Mental Health: OC Ensures Accessibility to Mental Health Resources for Military Personnel and Their Families
Last week, the Orange County Board of Supervisors unanimously approved Chairman Andrew Do’s proposal to renew Orange County’s Contract with Child Guidance Center, expanding the Continuum of Care for Veterans and Military Families program.
“From pre-deployment to post-deployment, military families live a life of service,” said Chairman Andrew Do. “The expansion of this program will ensure Orange County’s military community has continued access to quality mental health and basic needs services.”
The Board established the Continuum of Care for Veterans and Military Families Program in May 2018, prioritizing access to mental health services for veterans and their family members. Since October of its inaugural year, the program has provided quality and adaptive mental health services to over 400 military-connected individuals and families. The program emphasizes a coordinated, community-based approach to ensure military families receive comprehensive, culturally-sensitive mental health and basic needs services.
According to an Association of Defense Communities report, the pandemic has drastically affected the mental health of military personnel and their families. Roughly a quarter of military families throughout the nation stated that would like to receive mental health services, but do not have access to these services or resources as a result of COVID-19 limitations.
In response to the pandemic, Orange County has prioritized the adaptation of Continuum of Care services and trainings for Zoom, creating opportunities for safe, informed, and responsible engagement with the community.
“The COVID-19 pandemic has had a significant impact on many families throughout the country, including military families,” said Chairman Do. “Taking care of our community is of the utmost importance during this unprecedented time.

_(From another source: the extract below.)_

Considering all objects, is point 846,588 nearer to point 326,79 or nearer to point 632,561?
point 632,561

The renewal of the Continuum of Care program is an optimistic step that ensures Orange County’s military personnel and their families continue to receive the best possible mental health services long after the pandemic.”
Orange County Chairman Andrew Do represents the First District communities of Santa Ana, Garden Grove, Westminster, Fountain Valley, and Midway City. One of the first officials in the state to propose a face covering mandateChairman Andrew Do is advocating for science-based COVID-19 policies. In addition to health and safety-based COVID-19 response planning, he has reformed Orange County’s mental health services, expanded access to health care, and led efforts to combat homelessness.